Titanic Kaggle Competition

Kaggle is a great service that hosts data science competitions. The Titanic challenge involves predicting which passengers survived based on redacted data. My final public score was 81.339% accurate (the 4th percentile globally). Access the repo here.


Overview

I shall consider the tragic history of the Titanic to be assumed knowledge. The this context the relevant information is that there were 2224 people on board when it sank. Of those people we have fairly complete data about who each of them were and significantly which survived.

For the challenge body of passengers is broken into 3 groups. The challenger is given all the data of the first group (the training set) and all the data of the second group (the test set) expect whether or not each passenger survived.

The challenge is to predict whether each passenger in the second (test) set survived based on the other data we have about them.

The data given for each passenger was:

  • Survival: Whether they survived or not, (training set only)
  • Name
  • Ticket class: First, Second or Third
  • Sex
  • Age
  • Number of spouses or siblings they traveled with
  • Number of children of parents they traveled with
  • Their ticket number
  • The price of their ticket
  • Cabin number
  • Which port they embarked from: Cherbourg, Queenstown, Southampton

  • Abridged Method

    Brief: While it would be possible to make predictions based on any process this challenge is geared towards machine learning not psychic intuition so lets go with that. Machine learning is a prominent field of data science which involves constructing a model, training it on one data set (training set) and using it to predict properties of another (test set). Because I had never worked with the R programming language which is designed for data science projects such as this I decided to learn and use it here.

    Feature Engineering: An optional but often critical step. The model will not know that class 1 is more privileged than class 3 but one can safely presume that if it's relevant the model will see that through simple correlation. Conversely there is relevant information in the name that a model would be oblivious to without some feature engineering.

    (i) As an example a model would see no connection between two passengers named: "Smith, Mr. John" and "Smith, Mrs. Jane" since the entire alpha-numerical sequence didn't match. To that end it makes sense to break up the name field into 'name[0]' (surname) and name[1] (title). It would be interesting to investigate if given names had any observable impact but on a sample this size it seems unlikely.

    (ii) Another example of sensible feature engineering would be to analyze the titles. The model wouldn't know that 'Mlle' is the french analogue to the english 'Miss' so we should conflate the two. Similarly there is one 'capt' and two 'Major's not enough to show a correlation in this data set so we should conflate those with any other senior military title we find.

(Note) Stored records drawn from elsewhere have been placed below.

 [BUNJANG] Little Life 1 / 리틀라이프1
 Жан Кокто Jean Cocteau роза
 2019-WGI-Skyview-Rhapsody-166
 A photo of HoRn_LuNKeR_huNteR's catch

    (iii) Lastly and most intricately it is possible to reconstruct families, (those how many spouses / siblings and children / parents variables suddenly make sense). If someone is traveling alone they can be considered as a single. Conversely there are 8 passengers with the name 'Goodwin' each of whom is traveling with 7 family members so it's a safe bet each of them were members of the same family.

    Imputation: Depending on the model that we use missing data might (or might not) be problematic, regardless of whether the algorithm in question can tolerate missing values certain values are easy to infer. For instance we don't have the fare for passenger 1044 but we know they traveled 3rd class from Southampton, if you graph the fares paid by other passengers traveling 3rd class form Southampton you see a massive narrow spike at 8.05 so it's reasonable to use that for their fare. Other fields like cabin were mostly empty so it's fair to discount them as being more trouble than they're worth.

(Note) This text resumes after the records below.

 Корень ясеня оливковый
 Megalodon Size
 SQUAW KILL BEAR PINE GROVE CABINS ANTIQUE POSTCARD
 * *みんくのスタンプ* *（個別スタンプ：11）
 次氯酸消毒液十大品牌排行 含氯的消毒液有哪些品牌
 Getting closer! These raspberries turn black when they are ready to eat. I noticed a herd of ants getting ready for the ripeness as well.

    Decision Tree (singular): Decision trees work in much the same way as a human mind might. For each of the fields they measure the the correlation between that field and the field we wish to predict. For the engineered training set that field is gender with a correlation of 54.34% compared to the correlation of survival with passenger ID of 0.50%

    To apply that single decision tree to the test set would be to predict that all females survived and none of the males. Uploading that set of predictions receives an accuracy score of 76.55%. An interestingly high score but consistent with "Women and Children" being saved first. Apparently it wasn't just a line. Applying a first order decision tree with feature engineered data sets replaces gender with title as the best indicator of survival scores 80.38%. Which makes sense since most titles are gender specific but the title includes information about privilege as well.

    Decision Trees (plural): To improve on the gender submission one could apply the decision tree recursively, that is to say rather than applying only the field with the highest correlation applying each in turn. For the female subset the greatest correlation might be with age and the male subset it might be the class of their ticket. Beyond that one would calculate the correlations for the first class male subset and find... Applying this algorithm by hand would take an impractical amount of time but that is where digital parallel processing power comes into it's own.

    Random Forests: While decision trees are great they are liable to 'over-fitting' i.e. forming correlations are are only real within the test data set. To solve this problem one can use a random forrest. Random forests measure correlations across randomly selected subsets which simulates the conditions of making predictions out of the training set and reduces the noise of local coincidences.

    Putting all these together gives us an accuracy score of 81.34%